The reply should consist solely of the lines from the one that holds "厨房部管理手册_第5页" through the last line of the material, reproduced exactly; no pictures belong in it.

▸ MATERIALS PROVIDED
==============================

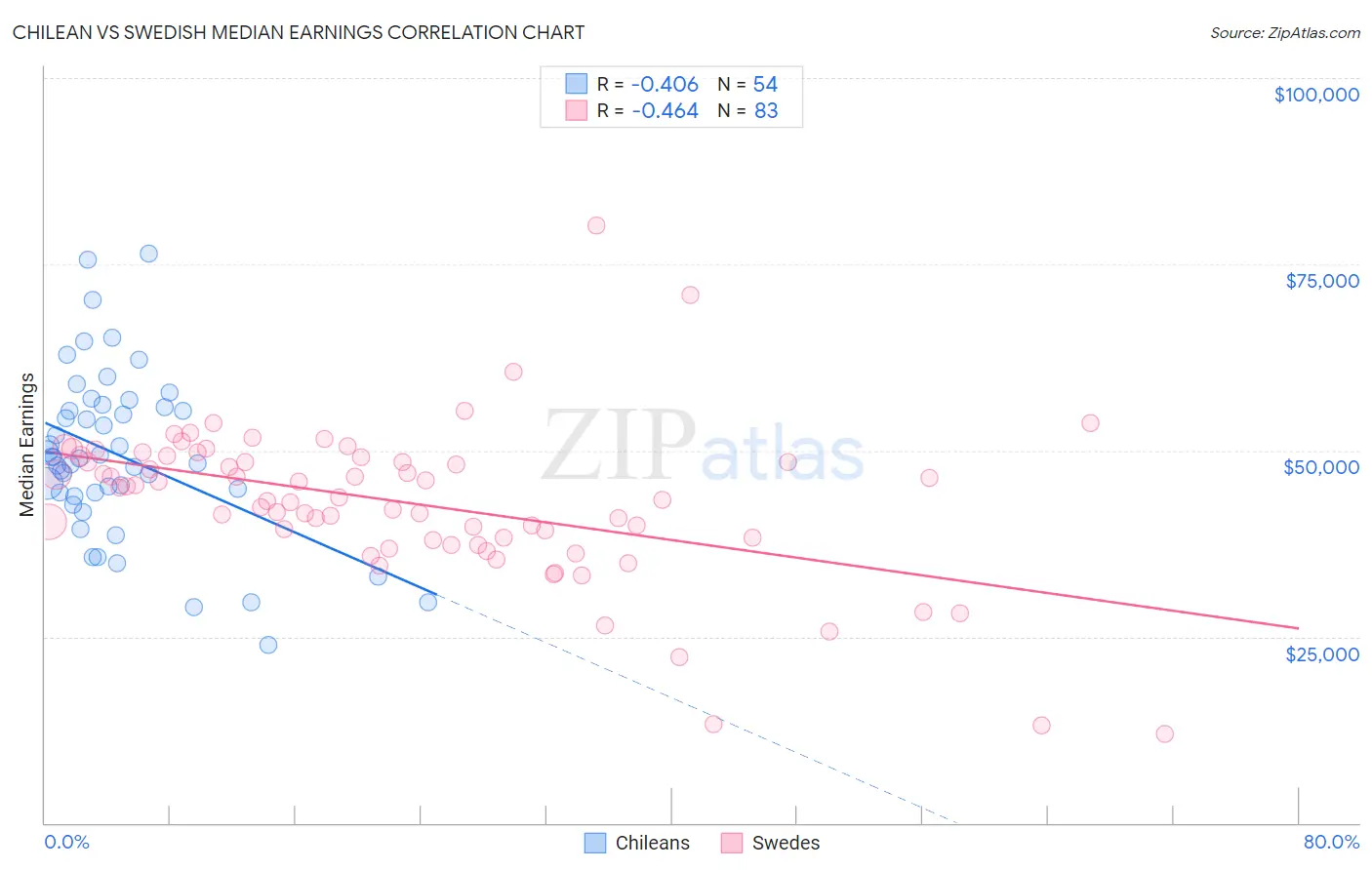 Chilean vs Swedish Median Earnings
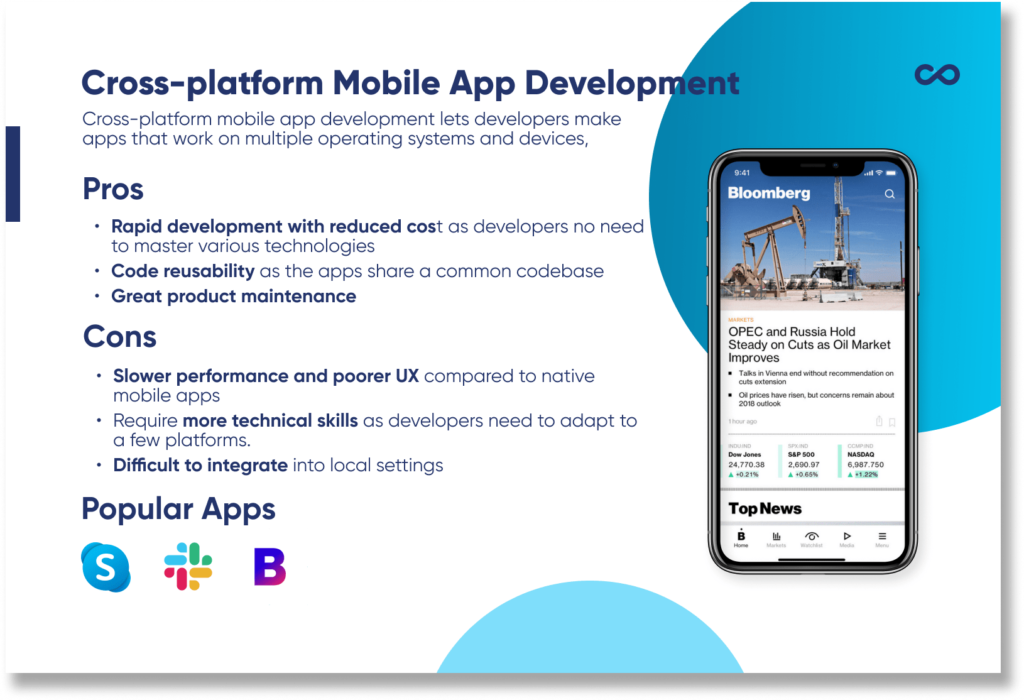 Mobile App Development: The Ultimate Guide (2023)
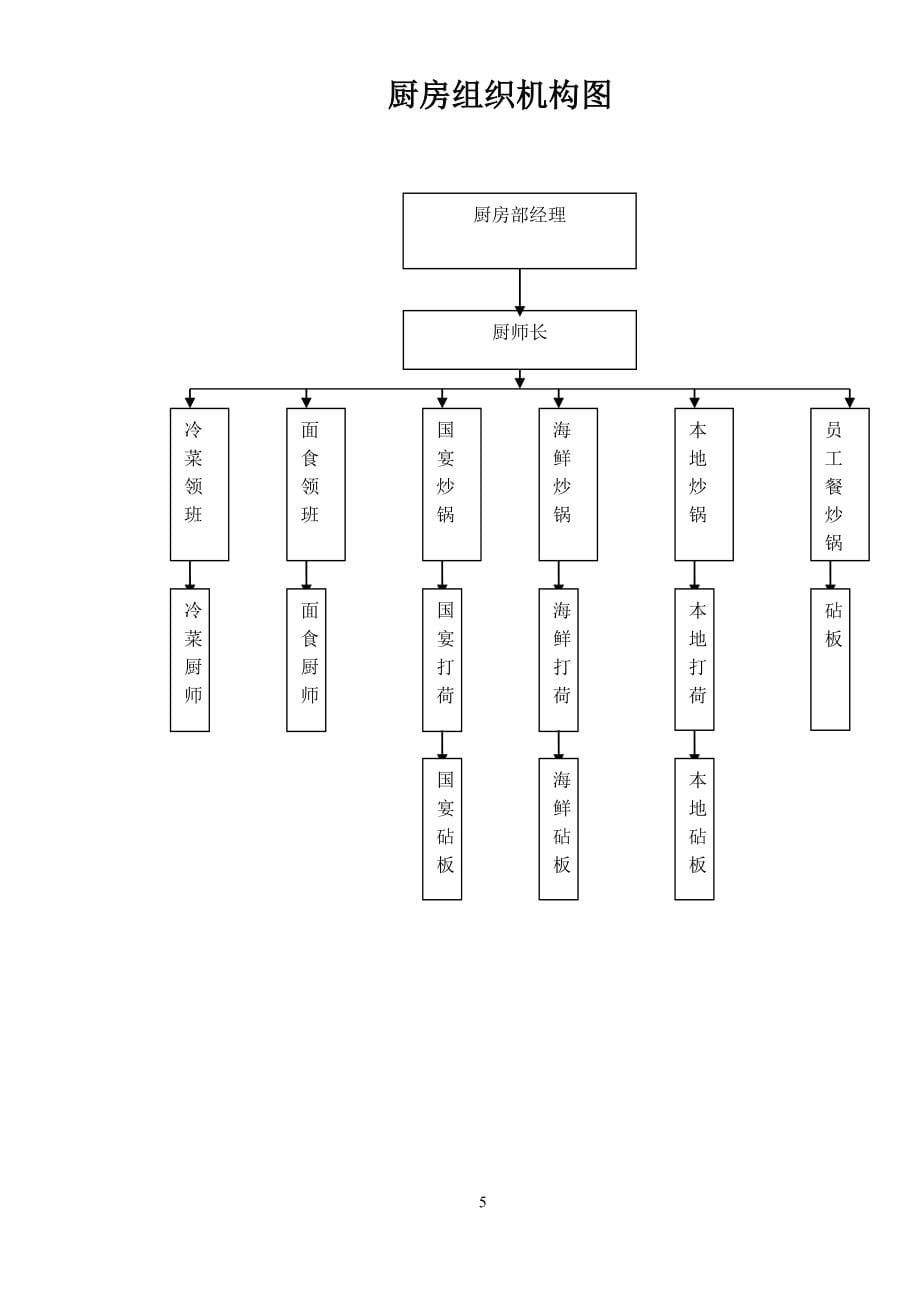 厨房部管理手册_第5页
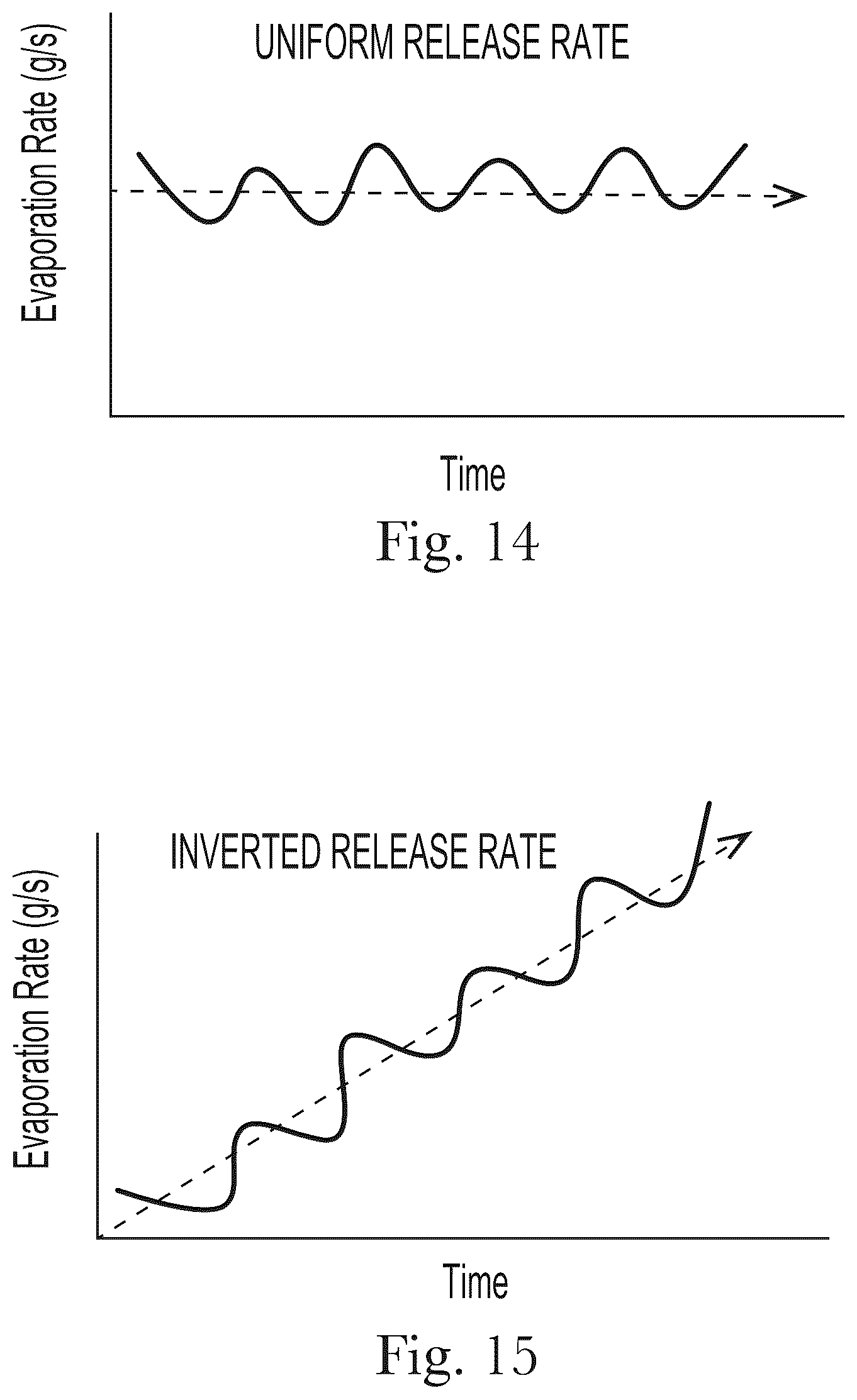 Patent US12303622 Figure 13 – Method of delivering a volatile composition into the air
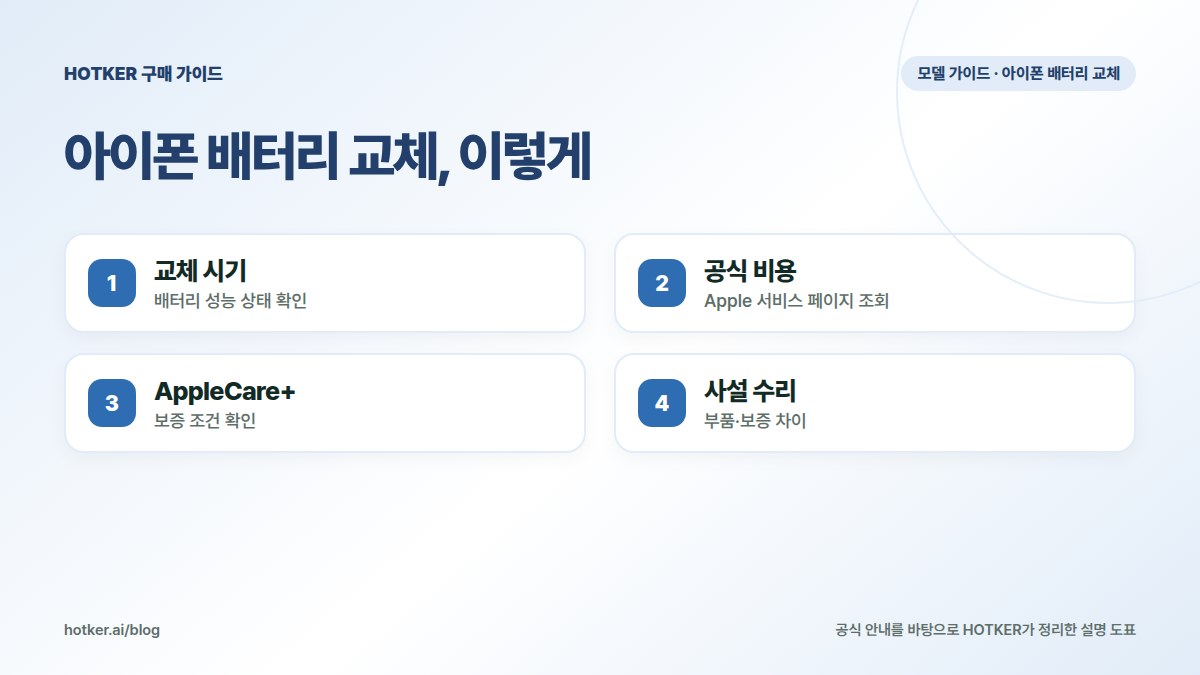 아이폰 배터리 교체, 이렇게: 교체 시기 — 배터리 성능 상태 확인, 공식 비용 — Apple 서비스 페이지 조회, AppleCare+ — 보증 조건 확인, 사설 수리 — 부품·보증 차이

==============================

▸ WRITTEN RESPONSE
 厨房部管理手册_第5页
 Patent US12303622 Figure 13 – Method of delivering a volatile composition into the air
 아이폰 배터리 교체, 이렇게: 교체 시기 — 배터리 성능 상태 확인, 공식 비용 — Apple 서비스 페이지 조회, AppleCare+ — 보증 조건 확인, 사설 수리 — 부품·보증 차이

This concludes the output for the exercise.